You don’t have to like these terms. But if you want to effectively communicate with other people, you have to use these terms in the agreed-upon fashion. And when talking about a construct like GLSL that has an actual document defining what language is, you should defer to the standard definitions for these terms since everyone else does.

You could also think of it as all instances of a program getting the same copy of uniform values but different in values.

But either way, this has nothing to do with “scope” as the language defines it. These are storage classes: they define how the variable gets its data. Scope defines who can access the variable.

Thought I understood with this statement then after thinking about it more I realised I still don’t understand, where do they source from?

It depends on the storage class. Indeed, that’s what the storage class is for: defining how the variable gets its data.

uniform variables get their data from values set in the program object. in variables get their data from values provided by prior stages in the pipeline.

In C/C++, when you declare a function-local variable, each instance of that function has a separate variable. When you declare a function-local variable with the static storage qualifier, every instance of that function is accessing the same variable.

That’s the kind of difference we’re talking about. Storage qualifiers specify where the variable lives. In C and C++, you can think of a function instance getting a block of memory to itself and also having a block of memory that all instances of that function can access. Non-static variables live in the first block, while static variables live in the second.

This is not meant to be a 1:1 analogy between C and GLSL. I only intend for it to describe the kind of thing that a storage qualifier represents: where the variable lives in memory. A shader instance could be said to have different pools of memory (we don’t care about how this is implemented), and each storage qualifier represents a different pool of memory.

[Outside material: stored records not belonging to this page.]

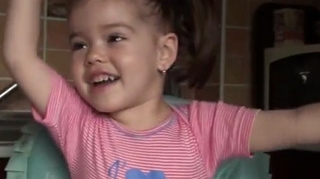 VIDEO COLOSAL! Fetita asta mai dulce ca mierea e mai desteapta ca jumatate din absolventii de liceu - O sa o adori in timp ce recita 98 de strofe de EMINESCU! N-ai cum sa nu o dai pe Facebook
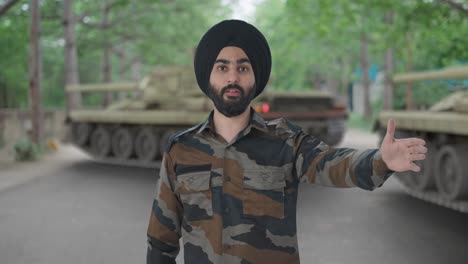 Hombre-Enojado-Del-Ejército-Indio-Sikh-Gritándole-A-Alguien
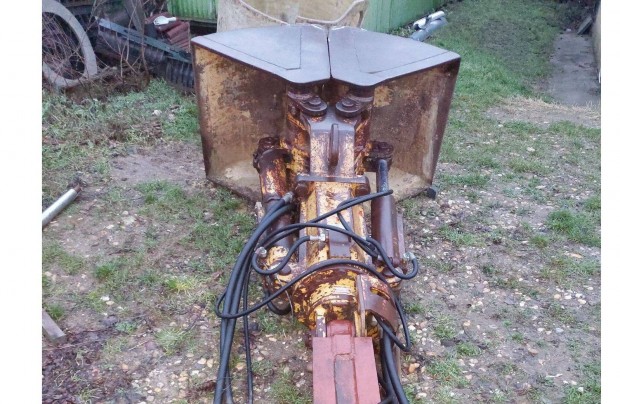 Elad� csipeget� kan�l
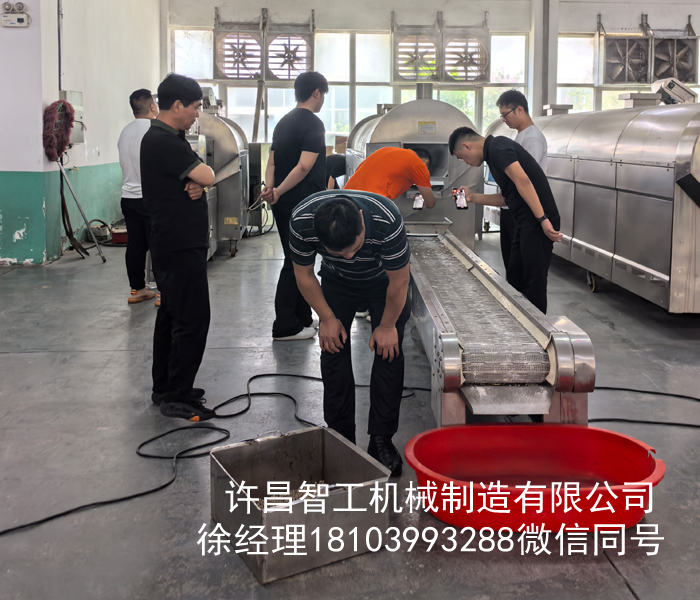 客戶試機(jī)電磁炒貨機(jī)加工阿膠珠的方法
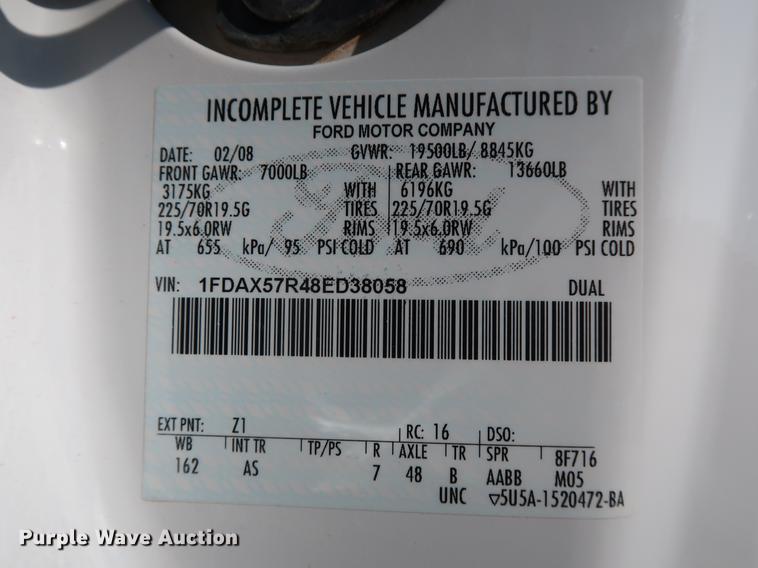 image for item DG3499 2008 Ford F550 SuperCab truck cab and chassis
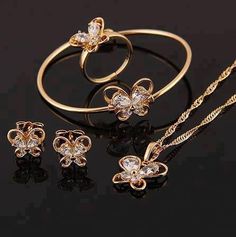 Look Coutry, Wedding Jewellery Designs, Bride Jewelry Set, Jewelry Knowledge, Pure Gold Jewellery, Diamond Pendants Designs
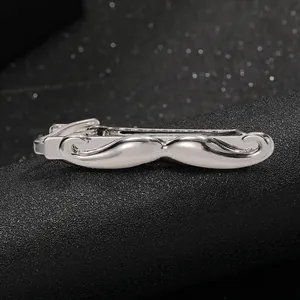 Pince à cravate moustache en argent poli pour hommes sur support professionnel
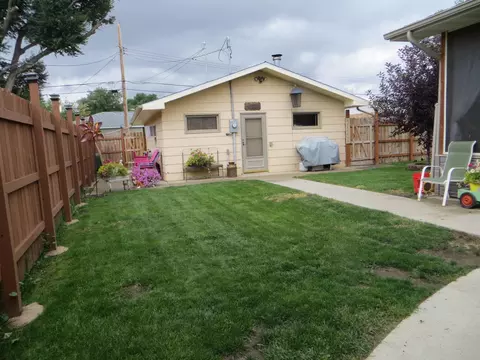 1607 1st Ave E, Williston, ND 58801 photo 2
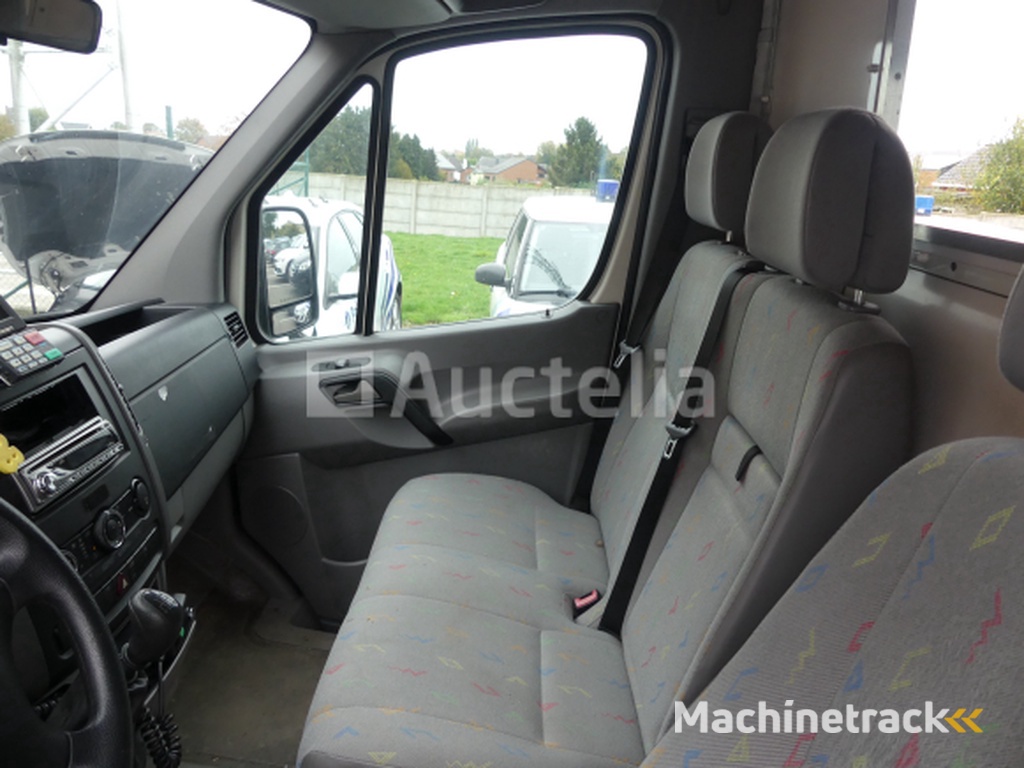 Volkswagen Crafter (2007-58.642 km-VIN:WV1ZZZ2EZ86007443)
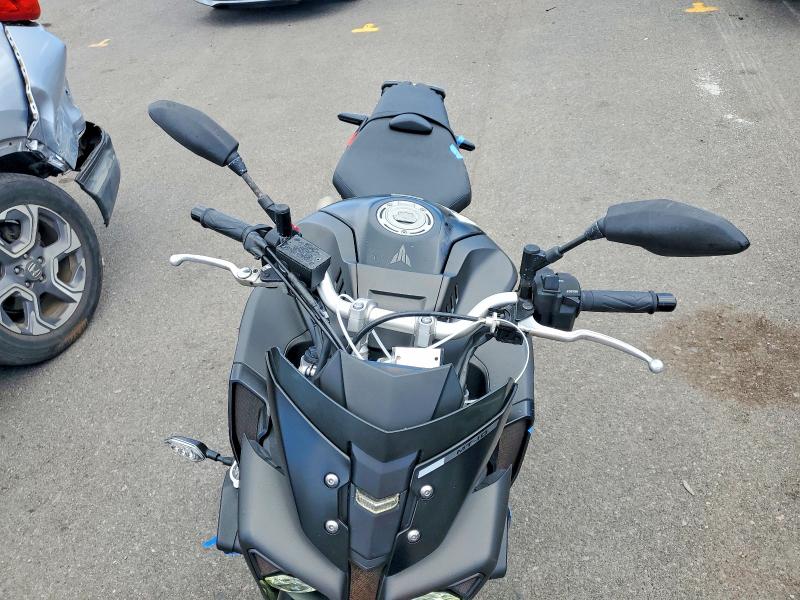 2020 Yama Mt-10 VIN JYARN48E2LA003251 COPART salvage auction — MINOR DENT/SCRATCHES, HI - CERTIFICATE OF TITLE, sold $2,450 on 2026-08-17 (photo 5)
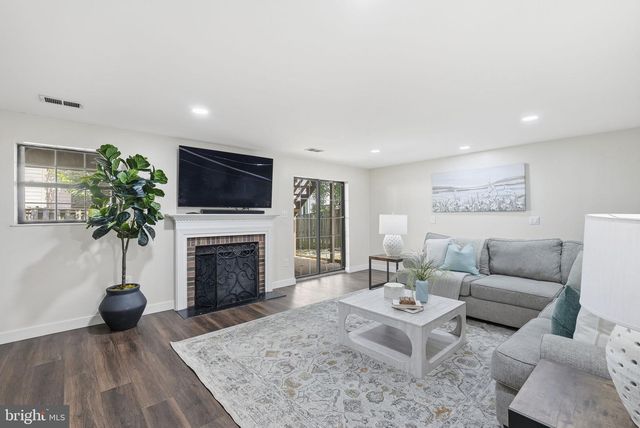 10243 ROBERTS COMMON LN, Burke, VA 22015
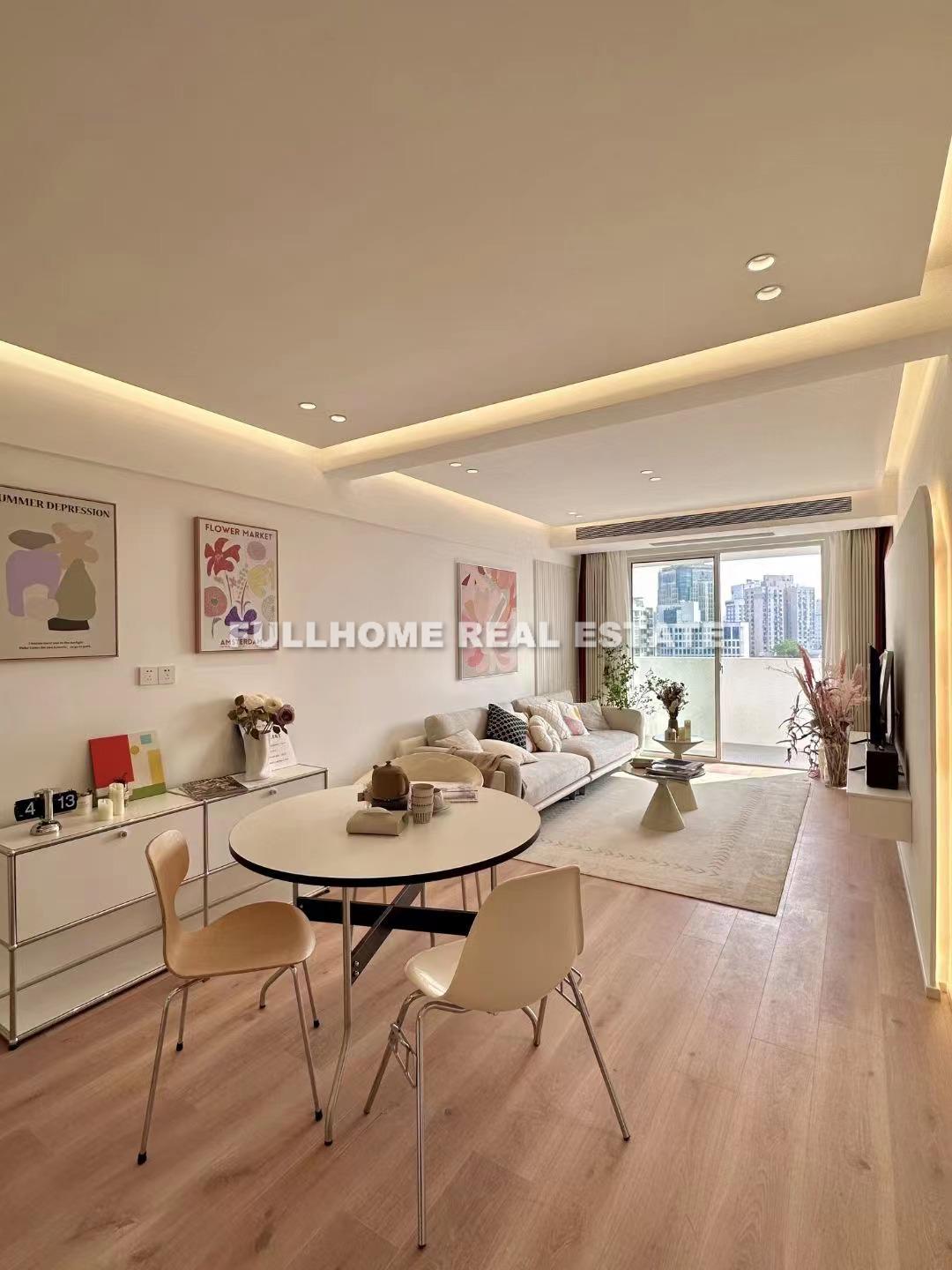 Same compound: Jinhuan Apartment, 2 bedrooms in Shanghai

Some pools are shared between instances of the same program, and some are specific to an instance.

Exactly how that works depends on a lot of things, but again, this is a high-level overview of the kind of distinction we’re talking about.

1 Like

Okay that’s somewhat easier to understand, so would I be correct in thinking of the uniform something like a static class member, in being something like a instance based class member and out being something like an instance based class member holding a pointer to mapped data from memory?